__Problem to solve__.
Without the pictures, reproduce the records that follow exactly.

--------------------

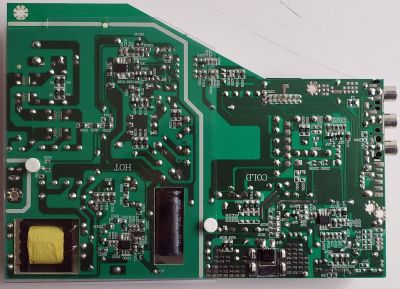 KIT DE TARJETAS PARA TV VIOS / MAIN M3393L08.S108.020 / M3393L08.S02 / 3BD0009114 / AY1450A / FUENTE AY108C-1MF08-080 / 3BS0056914 / HV480FH2-600 / T201410027 / 6BED 20141108113121 / PANEL CN48HC820 / DISPLAY HV480FH2-600 / MODELO VLEDTV4814 - Imagen 5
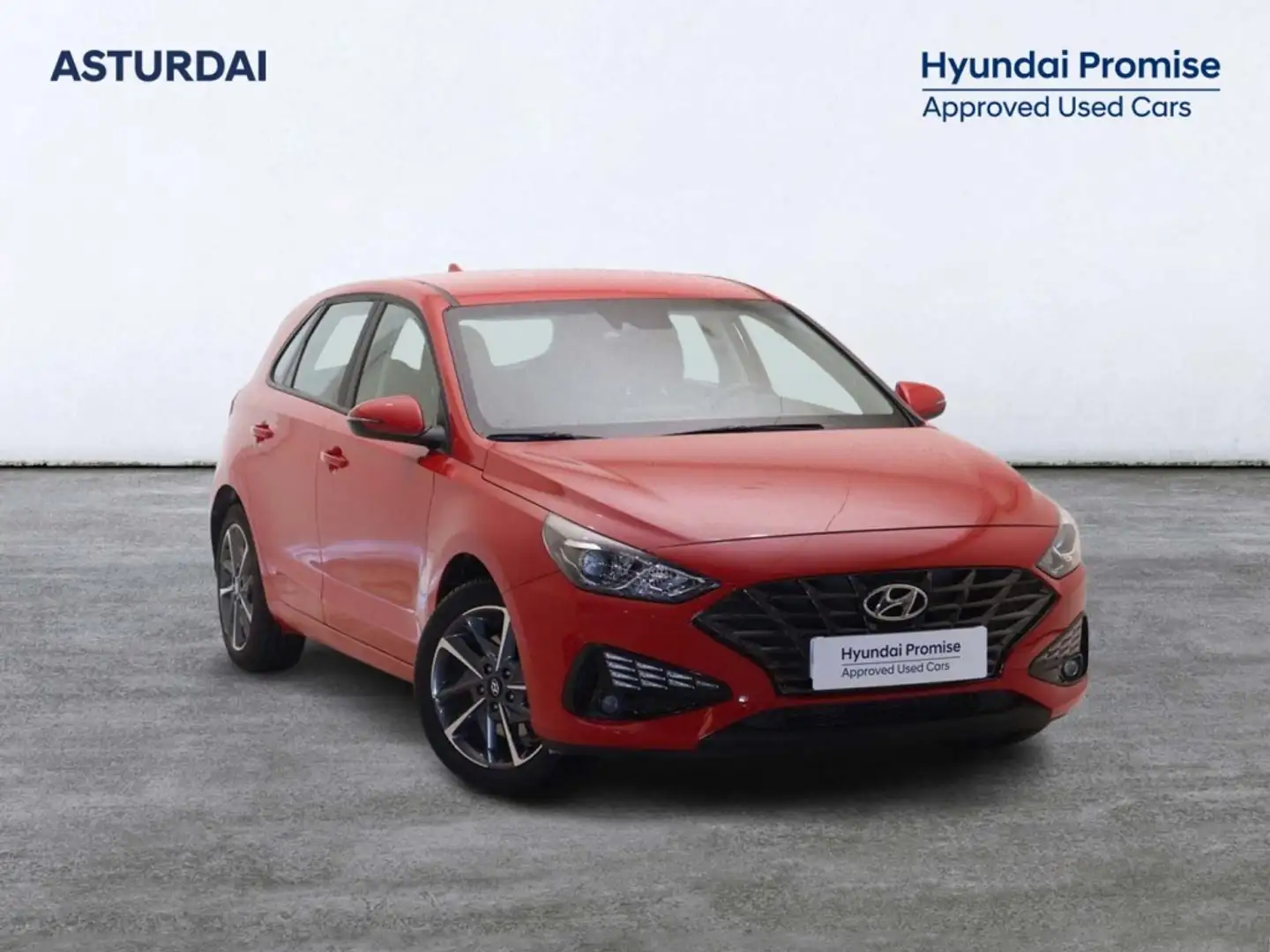Hyundai i30 1.5 DPI Klass SLX 110 Czerwony - 2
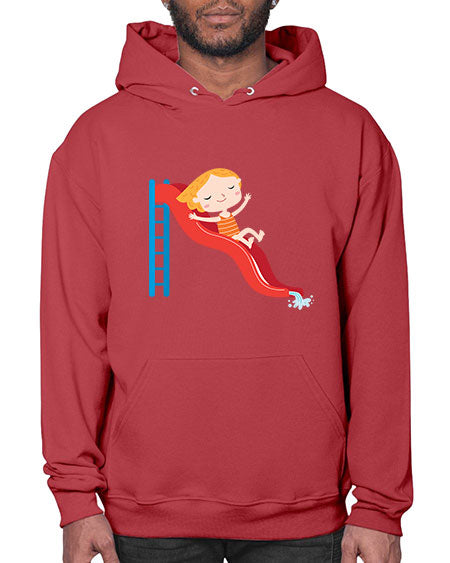 summer characters 74# - summer- Hoodie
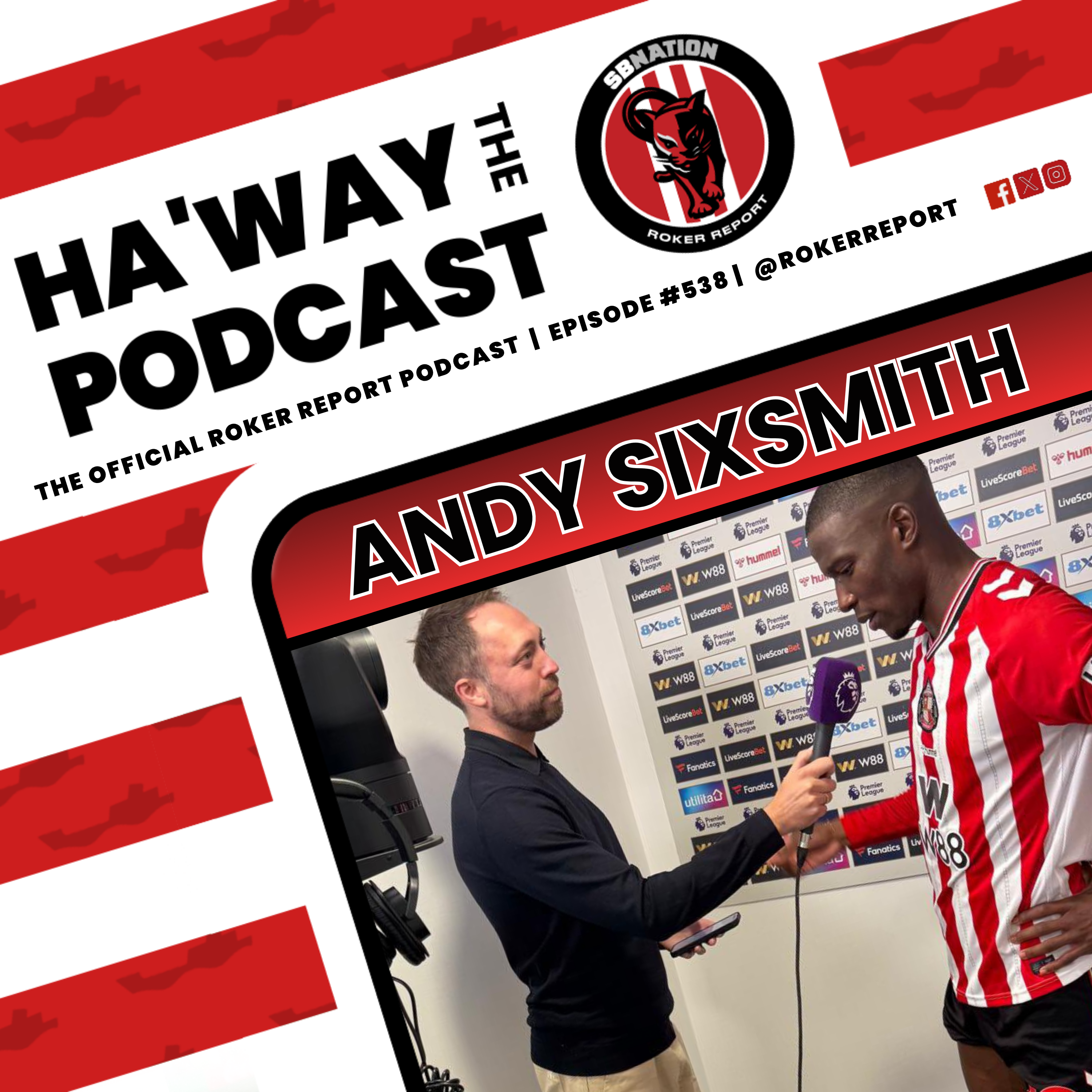 CHIT-CHAT | We Catch Up With Andy Sixsmith! episode artwork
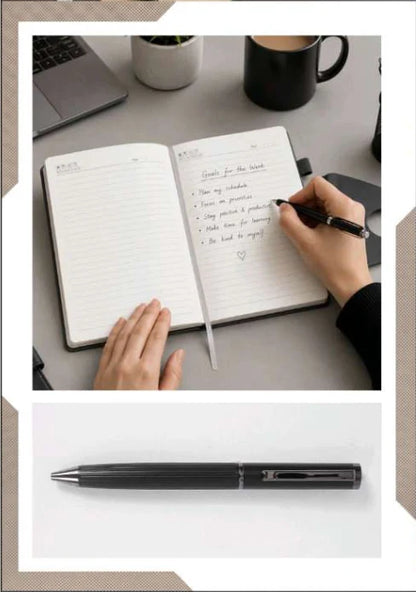 Vision Diaries V-903 Premium Corporate Gift Set – Executive A5 Diary
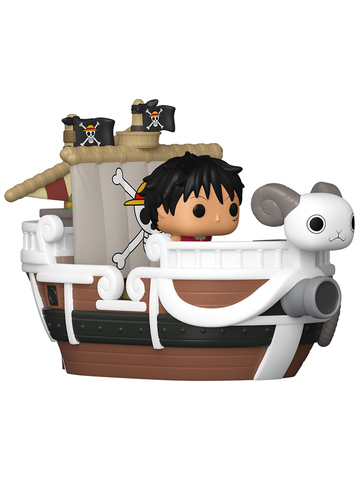 Funko Bitty POP! Rides: One Piece Monkey D. Luffy and the Going Merry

--------------------

__Written response__.
 KIT DE TARJETAS PARA TV VIOS / MAIN M3393L08.S108.020 / M3393L08.S02 / 3BD0009114 / AY1450A / FUENTE AY108C-1MF08-080 / 3BS0056914 / HV480FH2-600 / T201410027 / 6BED 20141108113121 / PANEL CN48HC820 / DISPLAY HV480FH2-600 / MODELO VLEDTV4814 - Imagen 5
Hyundai i30 1.5 DPI Klass SLX 110 Czerwony - 2
 summer characters 74# - summer- Hoodie
 CHIT-CHAT | We Catch Up With Andy Sixsmith! episode artwork
 Vision Diaries V-903 Premium Corporate Gift Set – Executive A5 Diary
 Funko Bitty POP! Rides: One Piece Monkey D. Luffy and the Going Merry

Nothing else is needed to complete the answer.